> Work task: Set down the data below in full and exactly, minus the pictures.

> Records provided:
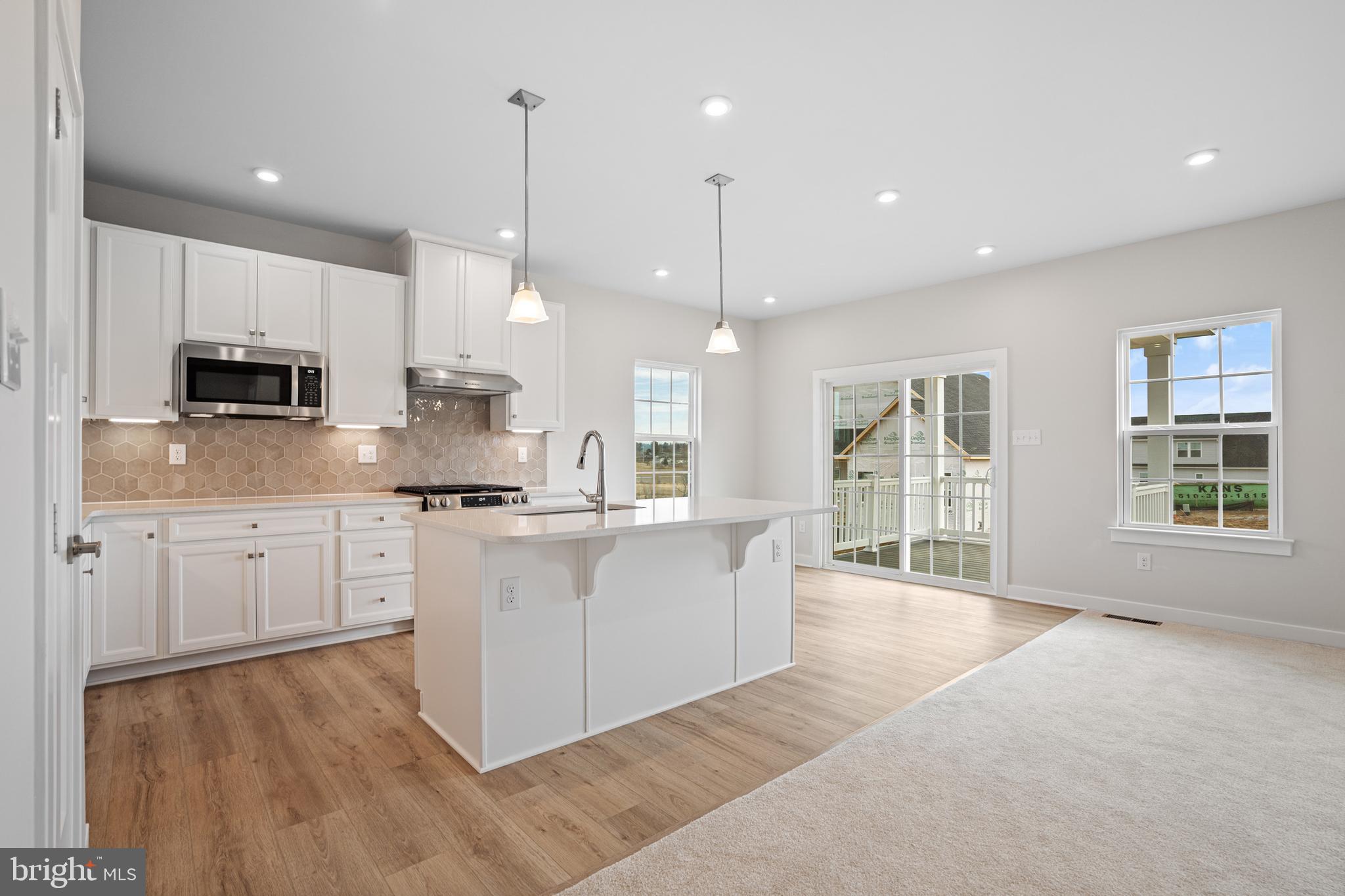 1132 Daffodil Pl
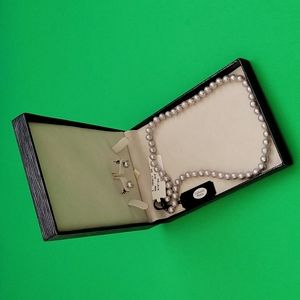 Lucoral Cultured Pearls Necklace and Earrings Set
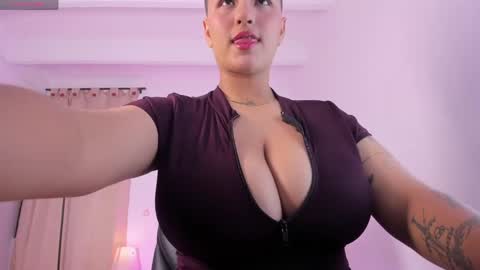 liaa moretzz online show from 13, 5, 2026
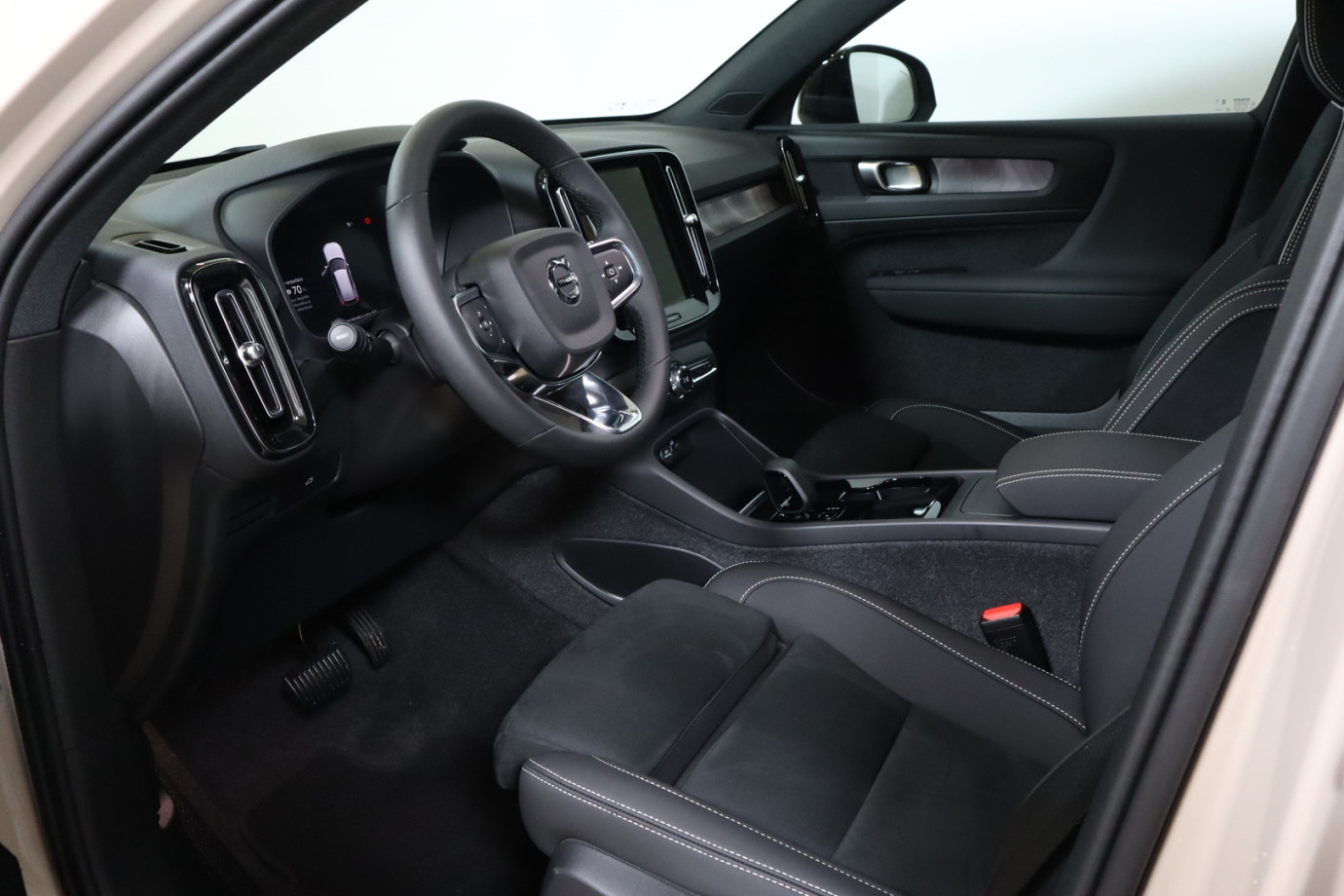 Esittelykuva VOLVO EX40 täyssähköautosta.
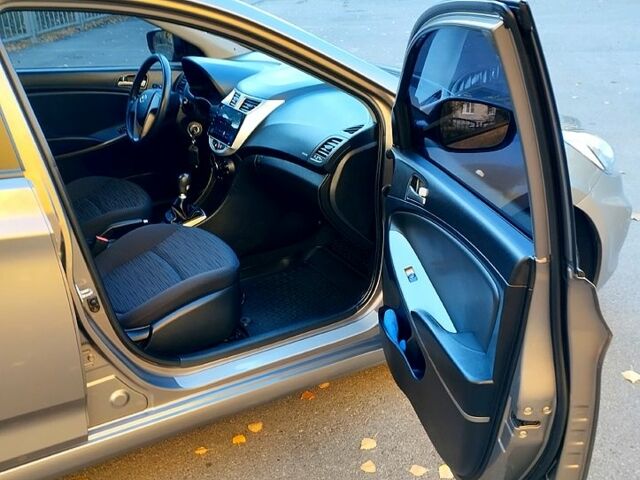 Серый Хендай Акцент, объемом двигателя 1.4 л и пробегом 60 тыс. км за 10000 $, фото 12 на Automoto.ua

> Task response:
 1132 Daffodil Pl
 Lucoral Cultured Pearls Necklace and Earrings Set
 liaa moretzz online show from 13, 5, 2026
 Esittelykuva VOLVO EX40 täyssähköautosta.
 Серый Хендай Акцент, объемом двигателя 1.4 л и пробегом 60 тыс. км за 10000 $, фото 12 на Automoto.ua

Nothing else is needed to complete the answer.